Cuando una serie de escuchas y videos salen a la luz, Manuel López Vidal (Antonio de la Torre), un político con muchas aspiraciones, cae abruptamente en desgracia. Su Partido intenta endilgarle toda la culpa de los actos delictivos denunciados pero el hombre, desesperado y acorralado, se niega a seguir las directivas de las elites, que pretenden aplacar la opinión pública con la vista puesta en las elecciones del año entrante, y emprende la búsqueda de pruebas que le permitan negociar con mayor amplitud o al menos no caer solo. Todo tipo de variopintos personajes execrables de la política y los medios se encuentran en una trama de corrupción que no tiene límites y expone a empresarios, funcionarios, periodistas y financistas.

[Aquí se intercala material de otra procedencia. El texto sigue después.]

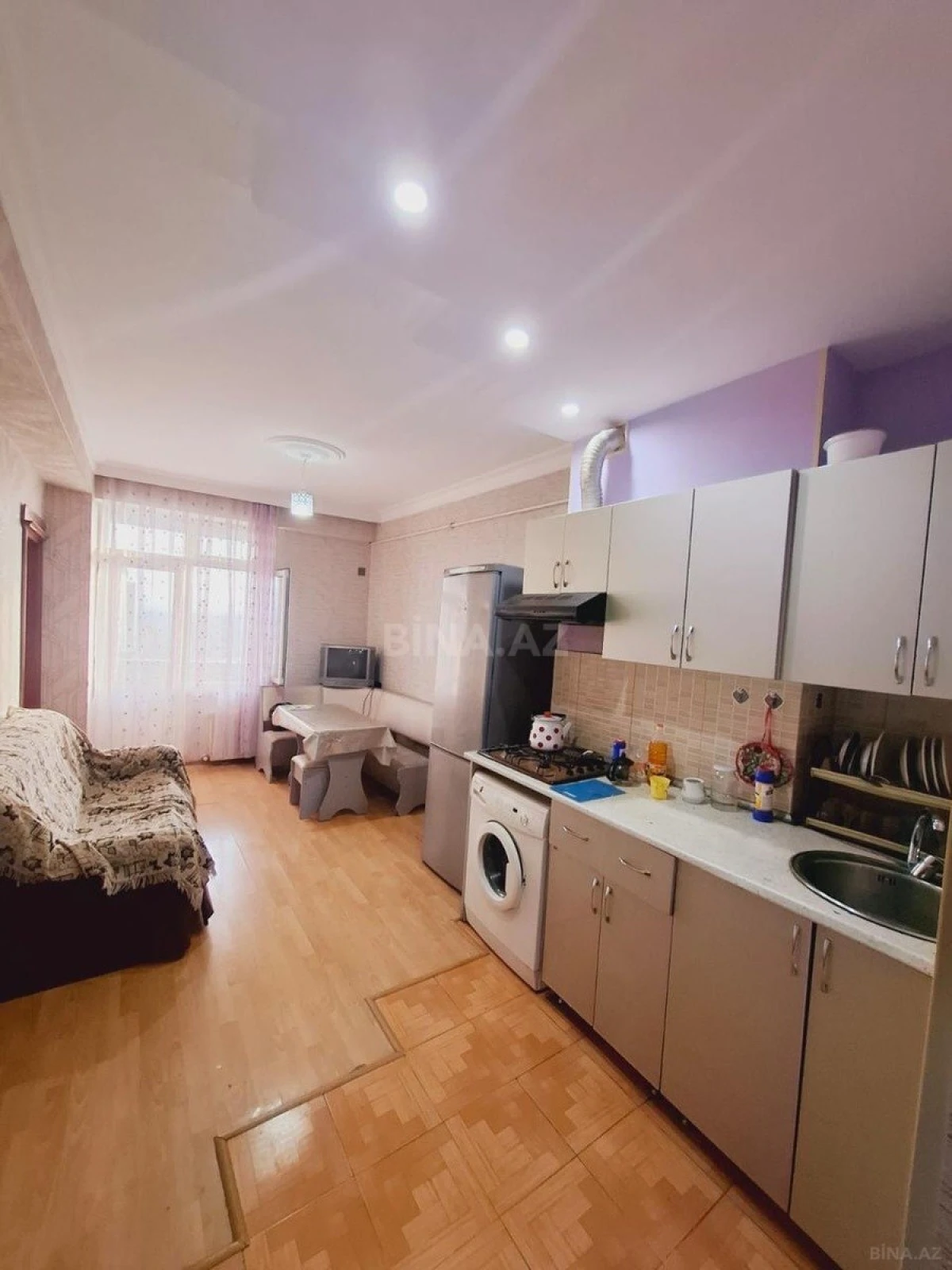 Kirayə verilir 2 otaqlı mənzil 60 m²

El guión de Sorogoyen junto a Isabel Peña explora la cuestión de la corrupción política desde su relación íntima con el capital y los medios masivos como un entramado de poder cuya misión es la de perpetuar los mecanismos clientelares como una maquinaria en la que el Estado y los empresarios tienen un entendimiento tácito con raíces arraigadas en cuestiones de clase para con la finalidad de mantener sus mutuos beneficios al margen de la ley.

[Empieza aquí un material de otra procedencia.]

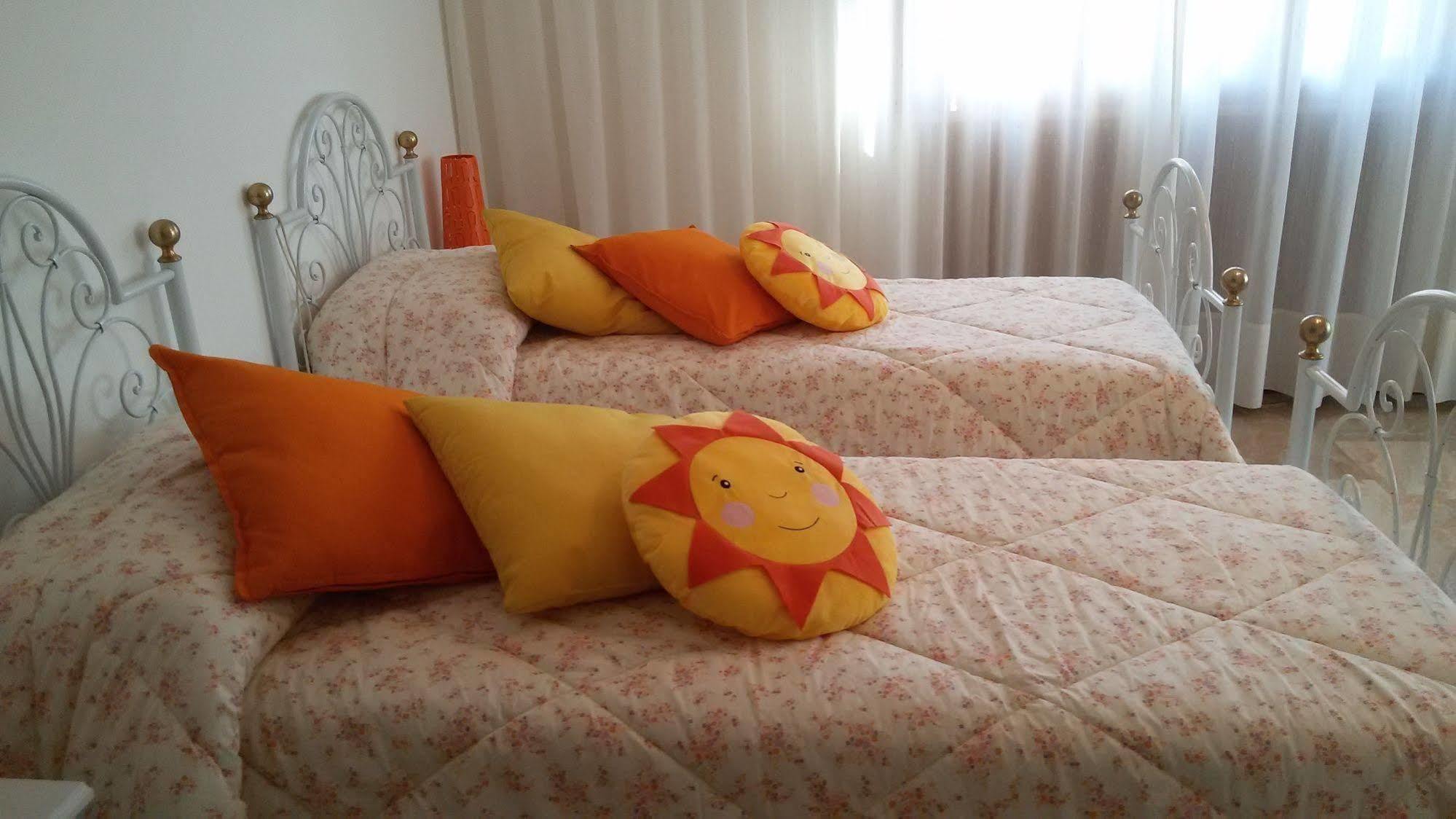 B&B Soleluna Massa Fiscaglia Esterno foto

A través de un tono pedagógico muy logrado y con un mensaje moral y ético muy claro, el film trabaja distintas cuestiones como el efecto de la corrupción en las dinámicas familiares de los corruptos, la mirada del ciudadano común, el sentimiento de comunidad de los corruptos, la sensación de los corruptos de ser más “vivos”, más inteligentes y merecedores del botín que el resto, y la falta de reflexión de las acciones delictivas que se cometen, como si fueran ejercicios cotidianos que se perpetúan en un eterno movimiento.
A través de distintos tonos, la película recorre la dinámica policial y el registro documental pero siempre prima el discurso político y la verborragia de parte de unos personajes que son expuestos en todo su patetismo a la mirada de una cámara feroz que no los perdona ni los exonera. Con una serie de primeros planos intimidantes, Sorogoyen crea una obra urgente y desesperada al igual que su protagonista, un hombre que creía tenerlo todo y descubre rápidamente que no tiene nada. Las excelentes actuaciones revelan personajes tan metidos en la corrupción que sólo buscan morigerar los daños a su imagen pero nunca arrepentirse.

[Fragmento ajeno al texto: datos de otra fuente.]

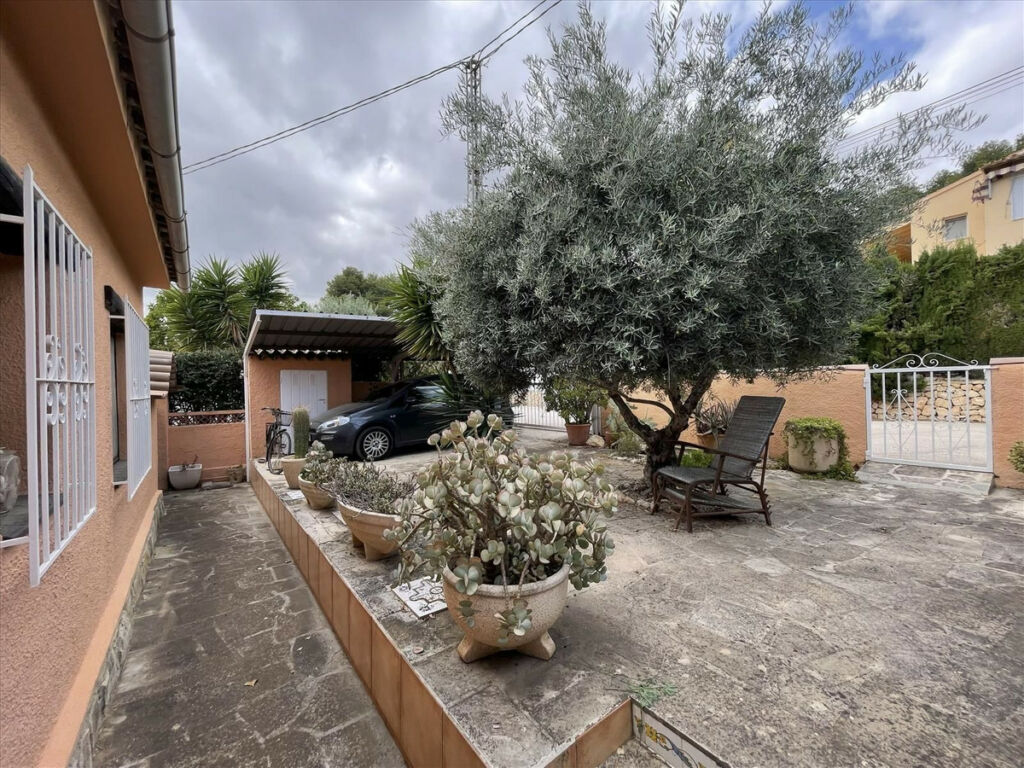 Detached Villa Moraira Alicante - image 36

El film no alude a ningún partido político en particular y menciona que el entramado de corrupción salpica a todas las facciones, pero claramente la acción remite al Partido Popular, los herederos de la dictadura franquista: de por sí el título, El Reino, realiza una metonimia entre el Reino de España y el “reino de la corrupción” que cobija el país transcontinental, y la corrupción política como un reino en sí mismo que engloba a los otros.
El Reino es así un film impactante por su veracidad impúdica respecto del clientelismo en el país ibérico en el que se destaca la música tensa de Oliver Arson y la fotografía amenazante de Alejandro de Pablo, dos puntos muy altos de una obra con gran tensión y un argumento muy atrapante que sacude los cimientos del pacto corporativo entre el capital, la política y los medios masivos, empresas con un régimen especial al fin y al cabo.